Posts Tagged ‘Thomas Hardy’

There’s no picture this week as I read a book on my e-reader!

Book 13 – The Mayor of Casterbridge, by Thomas Hardy. This is the story of Michael Henchard, and how an angry drunken decision shapes his life to come.

One day, after an excess of rum at a country market, Henchard sells his wife to a sailor for five guineas. His wife leaves with their baby, but once the alcohol has worn off, Henchard realises what he has done, and searches out his lost family. After a long search, and a vow of abstinence, he gives up hope of finding them and settles in the town of Casterbridge, where his energy and drive help him build a successful life and eventually become mayor of the town.

However, when the sailor is lost at sea and presumed drowned, his wife reappears, and thus begins the slow destruction of Henchard’s life.

This book is a classic, and although I’ve never read it before, my sister told me she studied it at school; it’s that kind of literature, where you could dig for ages to get to the root of the story, the motifs, the underlying morality tale.

The protagonist is not heroic, or good, but is a deeply flawed human being whose feelings of anger, jealousy and self-satisfaction combine to cause him great harm – he reviles the daughter who loves him, mis-uses the women who have counted on him and threatens and harms the man he once called his closest friend.

This book is a study in self-deception; it is only through his often wilful blindness to the reality of any given situation that Henchard loses everything he holds dear. He is weak when he thinks he is strong, considering violence of thought and deed as the strongest part of him when it is the most damaging part, like a poison killing him over years.

And yet, he is a sympathetic character.

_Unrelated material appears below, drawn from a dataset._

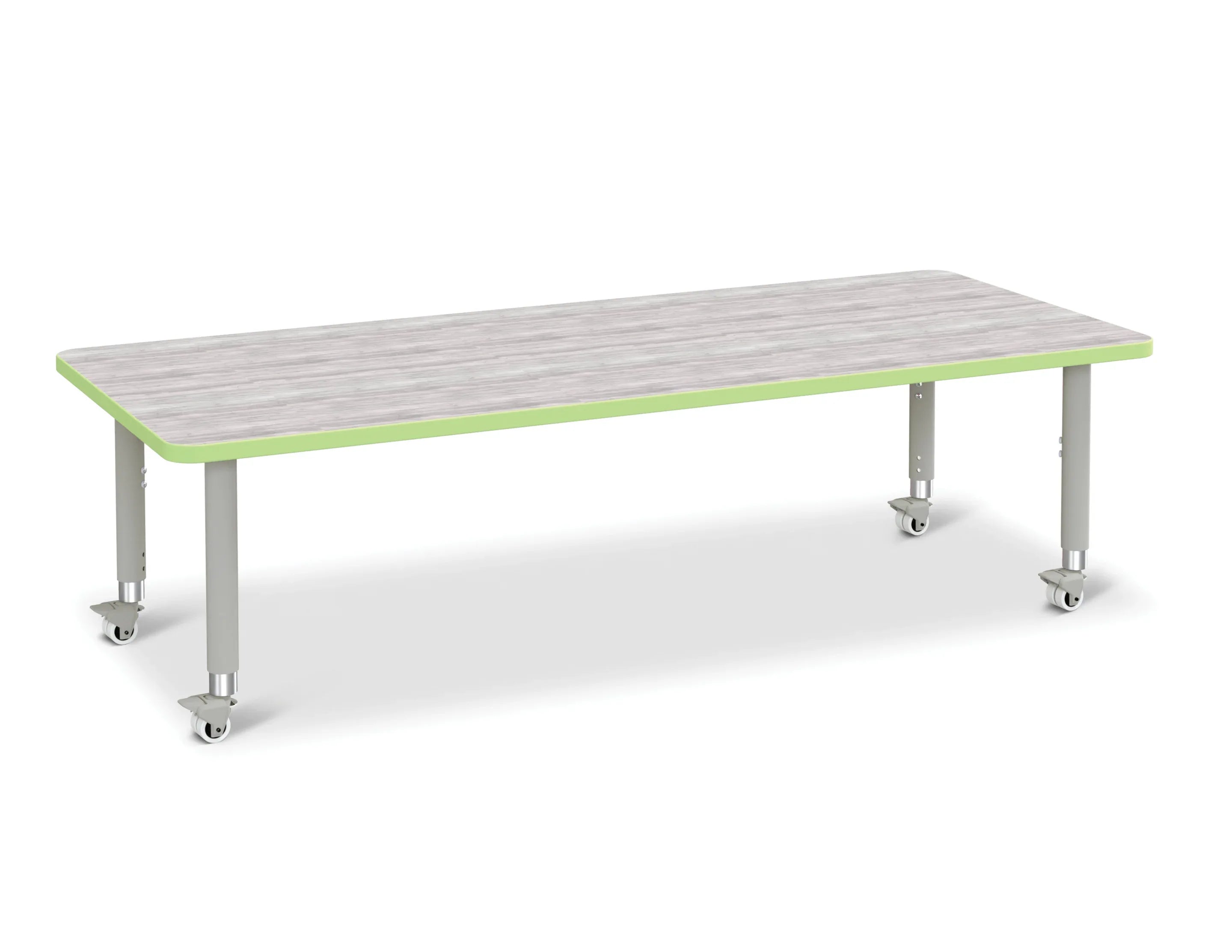 Berries® Rectangle Activity Table - 30" X 72", Mobile - Driftwood Gray/Key Lime/Gray
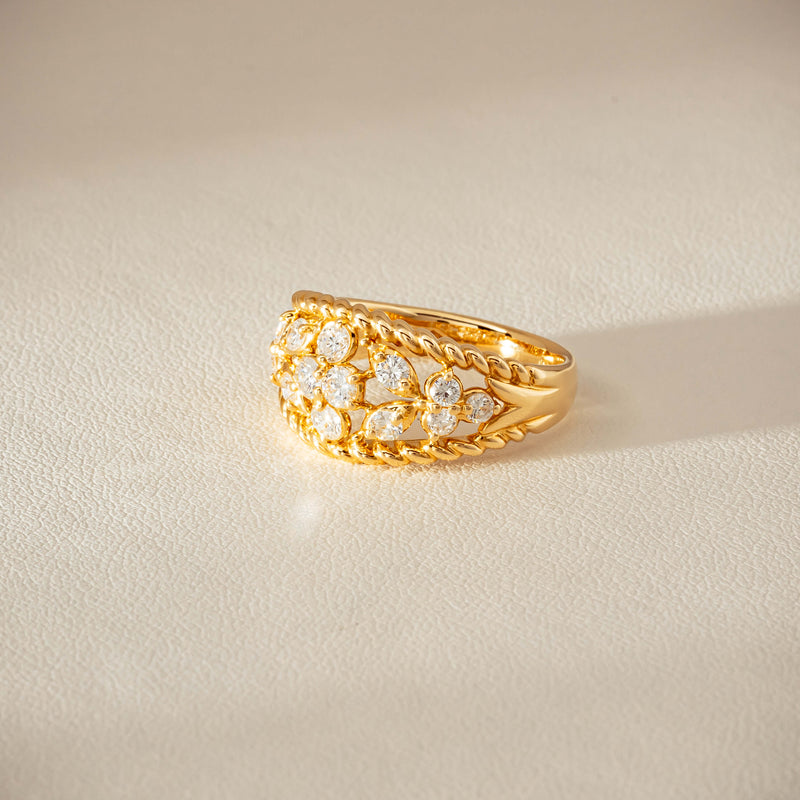 Deja Vu 18ct Yellow Gold .70ct Diamond Openwork Ring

His friend, Mr Farfrae, is more fun, kinder, better in many ways; but I wanted Henchard to succeed. I wanted him to come good when Farfrae – whose position in Casterbridge society was entirely due to Henchard – was benefitting from Henchard’s misfortune, even when that misfortune was self-inflicted.

For me, this was a powerful book. The women, as is often the case, were not entirely to my taste but even so, this book lingers in your mind for a while after reading it.  Henchard was a cruel man in many ways but he also sought to put right the wrong he did, and when he could not he tried to make a successful life: the question Hardy’s writing forces the reader to ask, is can anyone ever put their mistakes behind them?  Is anyone ever free to move on from their past?

I understand that Hardy will not be to everyone’s taste but I find his writing earthy and full of depth, easy to access but requiring thought to understand the implications of the scene he sets out.  I find it stimulating to read.

This is a book I would recommend not because everyone might enjoy it, or because it is comforting but because it is not – it is a book which forces contemplation.